Our results also suggest that between four and six residents’ evaluations per faculty (assuming the standard reliability level of 0.70 seen in the literature) will be required to assess faculty teaching qualities reliably. These numbers seem reasonable for most anesthesiology residency programs. This finding buttresses the feasibility of applying the SETQ instruments routinely.

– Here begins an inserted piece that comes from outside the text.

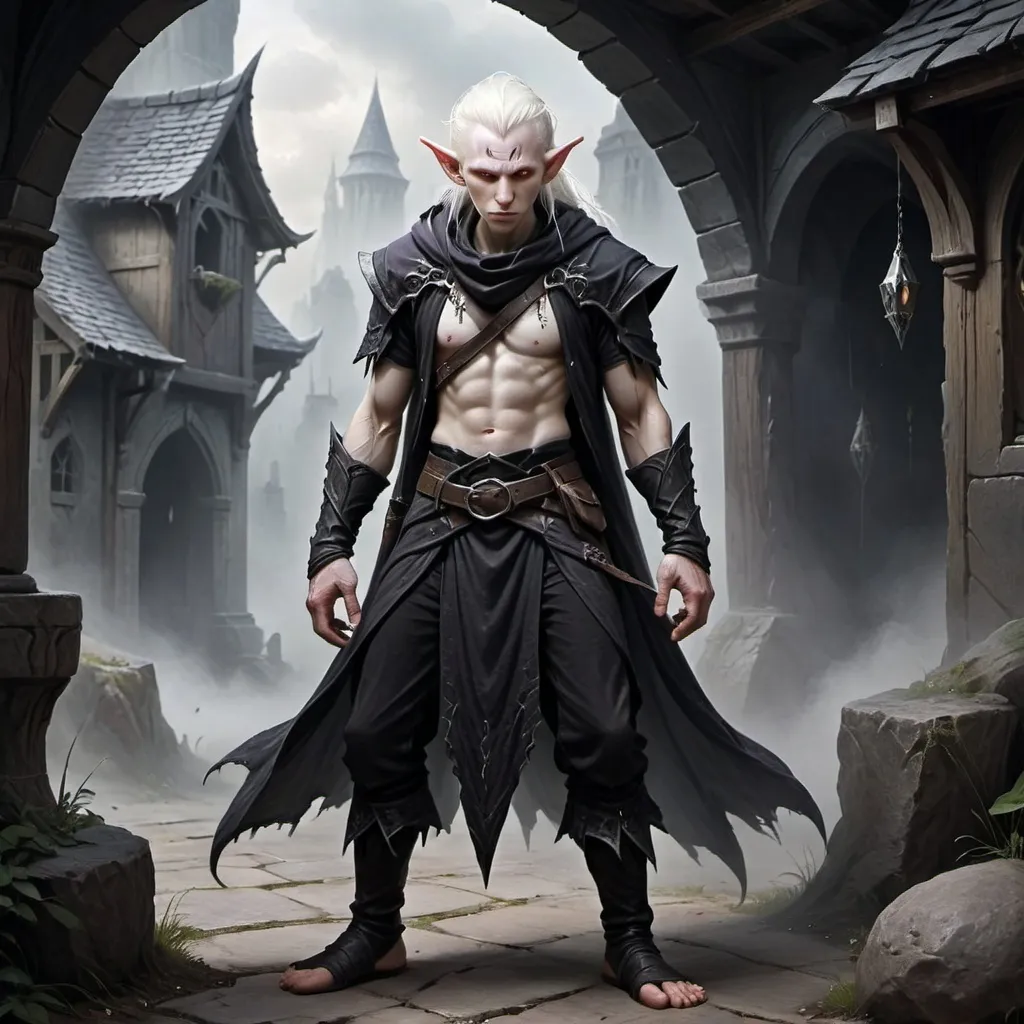 Prompt: Shadar-Kai ,male, albino skin, white hair, elf-like, standing, gruff thug, mean, DnD style, fantasy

Implications for Clinical Education, Research, and Policy
SETQ was designed, tested, and implemented for formative purposes. It was never intended as a summative review, although the demonstrated quality of the instruments and the achievement of adequate reliability would allow use in a high stakes context. Developing a system for measuring and, perhaps, improving the quality of faculty members’ teaching is indispensible because it is known to affect residents’ performance in clinical examinations.28Therefore, faculty feedback reporting appears justifiable. The individualized feedback reports implemented in SETQ seemed well-received, and anecdotal reports from faculty suggest that SETQ was raising awareness of effective teaching and sometimes leading to improvement. The reports may help faculty to focus their personal development plans. Feedback and increased insights may, however, not always be sufficient to bring about behavioral change.4Therefore, SETQ was designed to include a formative follow-up interview, with the program director aiming at designing individual development tracks. Other studies suggest that this may increase actual performance improvement.2,29,30Future assessments need to demonstrate actual improvements.
Our SETQ instruments provided reliable and valid results that could be used in formative support of anesthesiology faculty. This study went further than previous work to include the voice of the faculty to evaluate and encourage self-insight. The instruments are now available, do not require unachievable number of residents’ evaluations per faculty, and yield faculty feedback seen as useful in designing individual development tracks.
The authors acknowledge the input in this study of all anesthesiology faculty and residents of the Academic Medical Center (AMC), Amsterdam, The Netherlands. The authors thank Bastiaan Roset, M.Sc., Junior Researcher, AMC, for additional help with data preparation and analysis.